Most recently I have discovered Facebook as a way to access information about teaching and learning. I have a Facebook account for school and follow a number of Groups and Pages:

  1. Share network for the Australian Curriculum, SA – SNAC SA
  2. TfEL Teachers Companion
  3. Digital Technologies and Computational Thinking
  4. Edutopia
  5. TED-Ed
  6. Mindshift

The TfEL Teachers Companion Group has been set up by the Learning to Learn team from DECD to support those who are using the TfEL Companion Diary. The diary sets a focus linked to TfEL each fortnight and the Facebook Group supports this by posting relevant information linked to the focus. It also promotes PD opportunities as well as providing the opportunity to pose questions around teaching and learning. The Group provides great information regardless of whether you have the diary or not.

So if you have a Facebook account why not add some of these Groups or Pages to your feed?

Social media in my classroom

The use of tools like Facebook and Edmodo (a closed social network) have helped me to improve the way that I interact and communicate with students and their parents. I have been using Facebook since 2013 and Edmodo from the start of this year in my classroom.
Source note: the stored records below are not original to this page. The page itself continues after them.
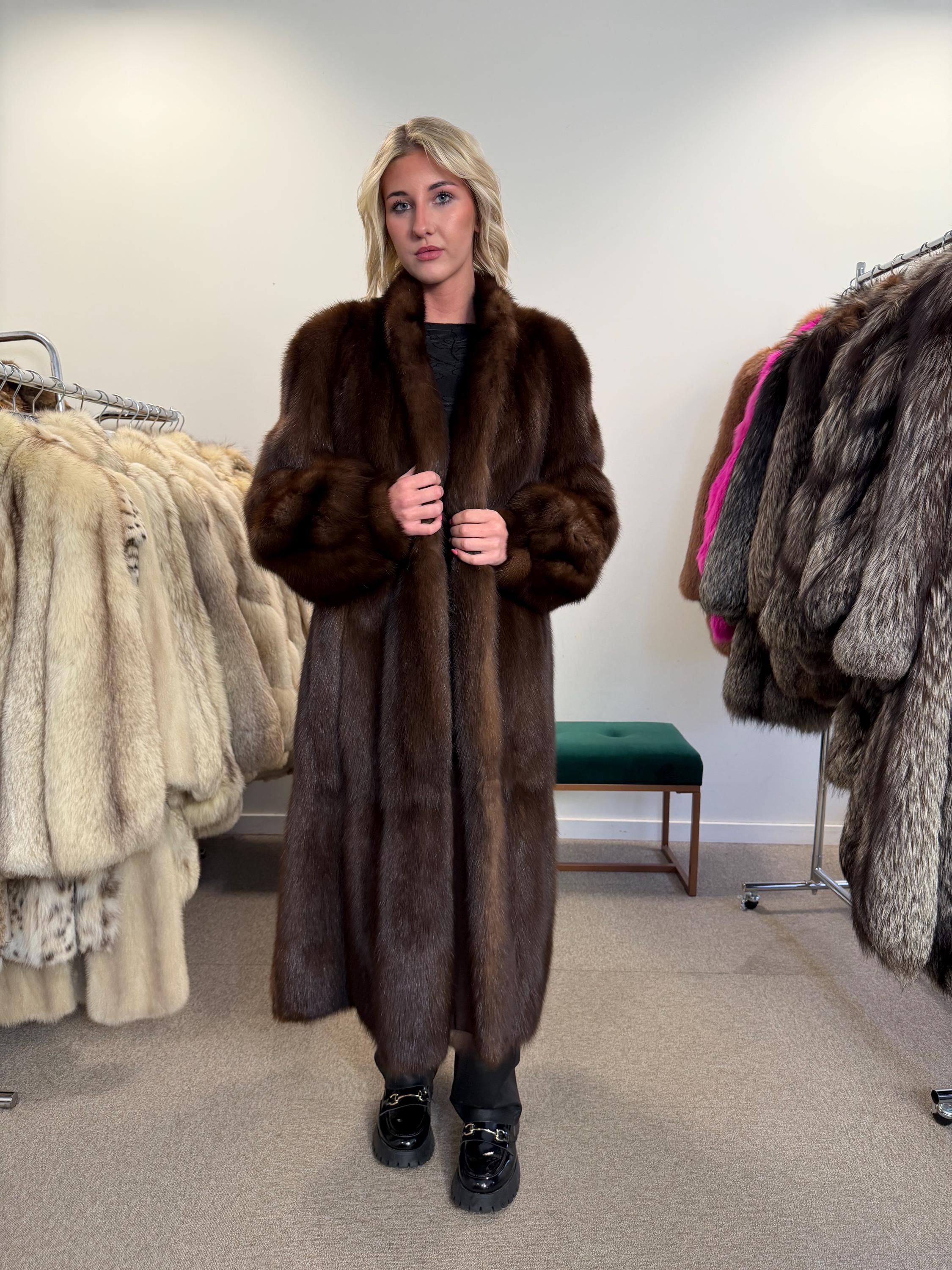 Sable Fur Coat, L Size, Genuine Sable Fur, Real Sable Coat, Luxurious Fur Coat, Women's Fur Coat, Sable Fur, Real Sable, Soft Sable Fur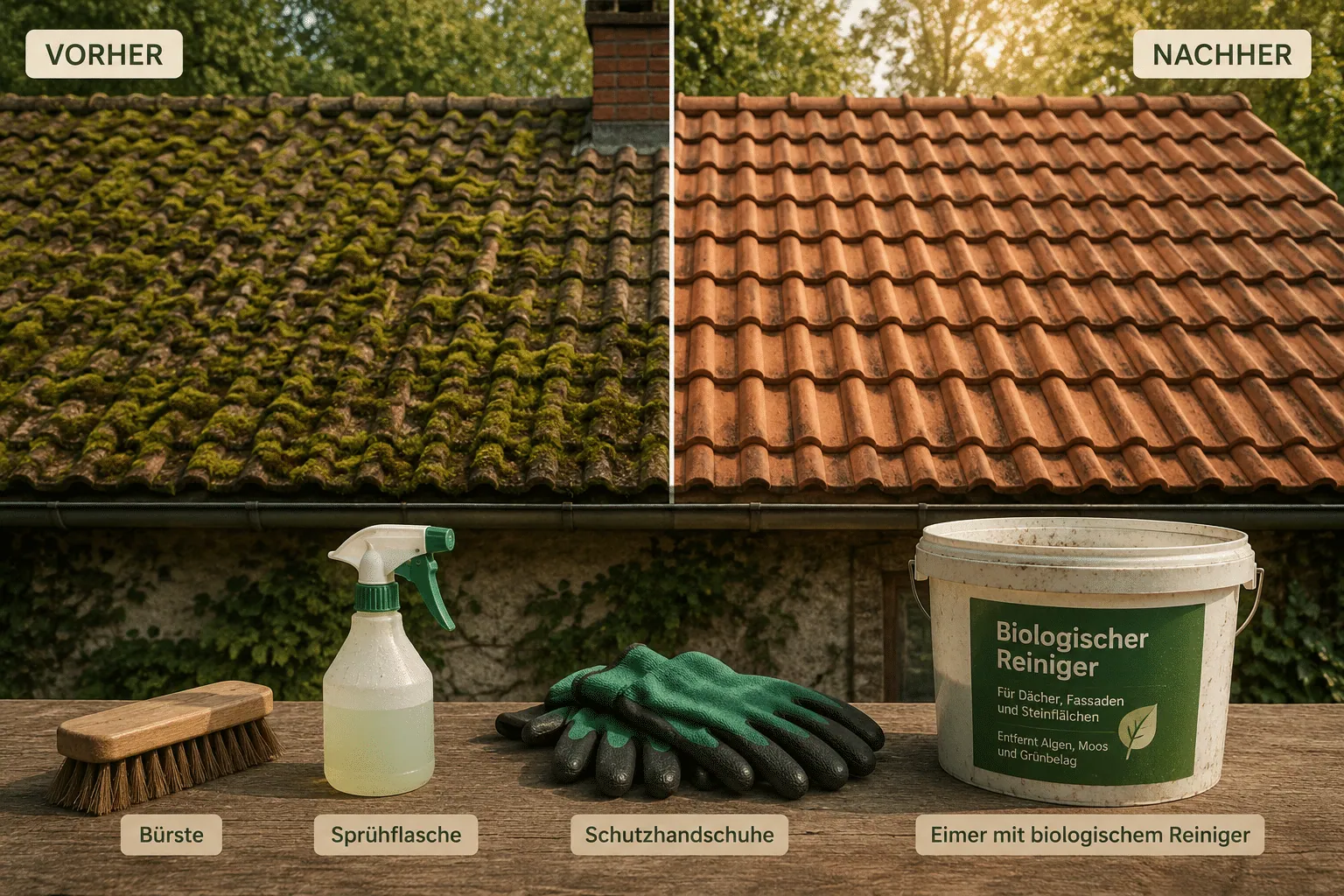 Detailed () split-scene illustration showing left side: a heavily moss-covered roof with dark green growth between tiles,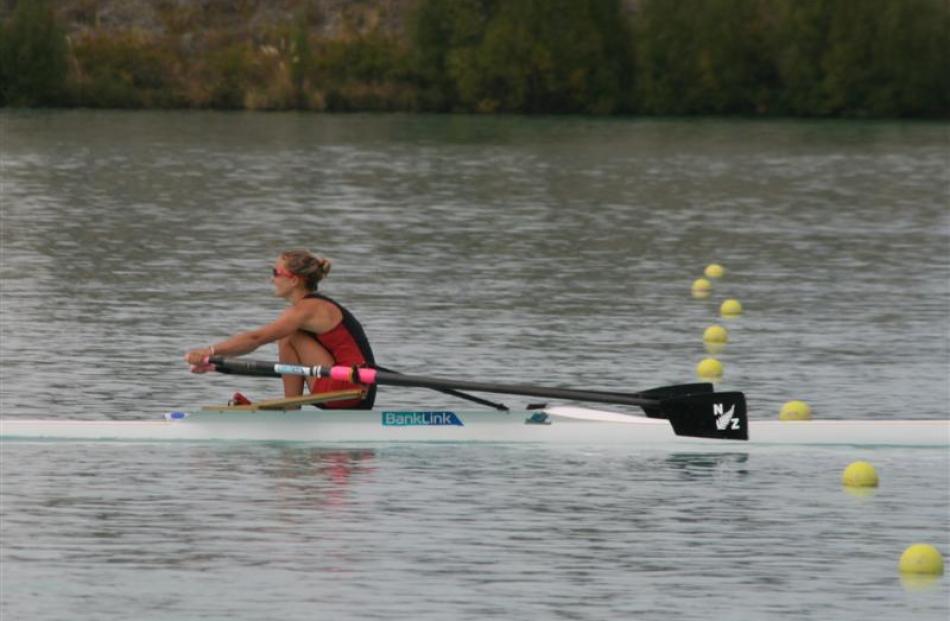 Lucy Strack (North End) after winning the women's open light weight single sculls. Photos by...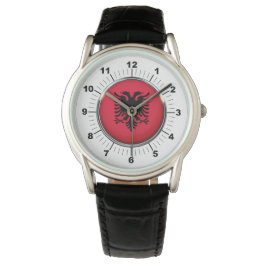 Relógio Albânia Fla Crown Black Leather Strap
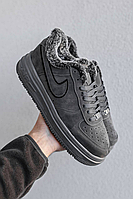 Мужские зимние кроссовки Nike Air Force grey с мехом / Найк аир форс ботинки серые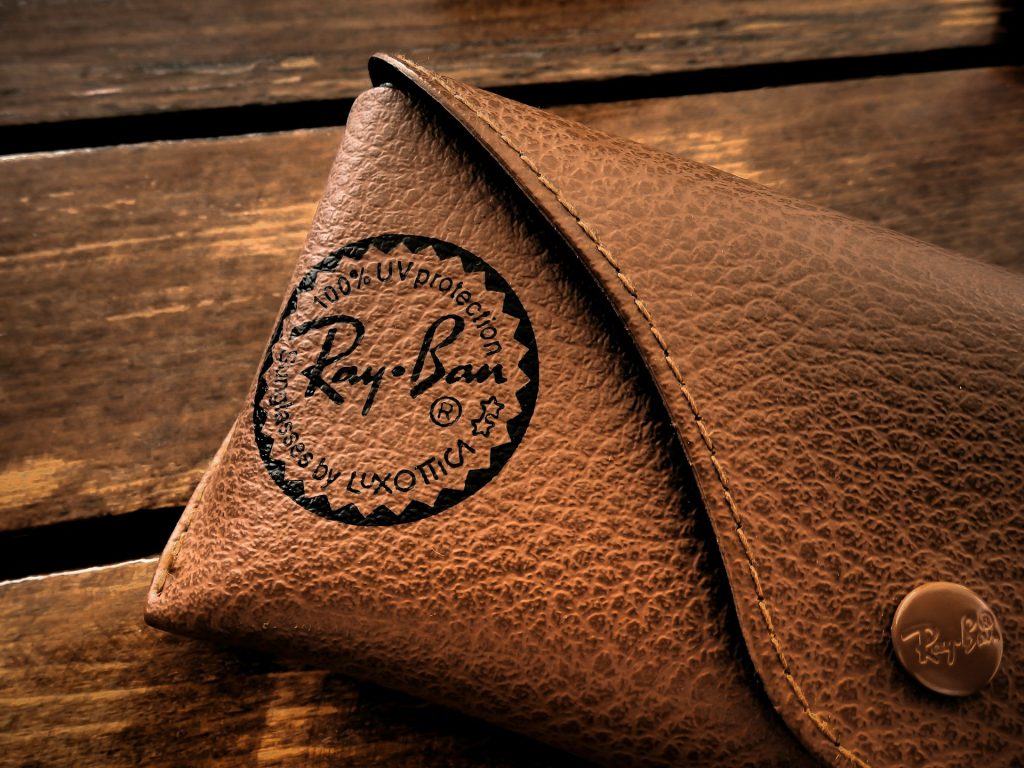 a leather Ray-Ban glasses case displays effective brand identity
Both have been valuable inclusions to the way I work and while Facebook and Edmodo have some striking similarities both play very different roles in my classes.


I use Edmodo to:

  1. provide a central location for uploading and downloading assessment tasks.
  2. provide a central location for resources (sorted into folders) including documents, weblinks and videos (there is no storage limit in Edmodo).
  3. provide a place for students to submit completed assessment tasks and for me to provide feedback.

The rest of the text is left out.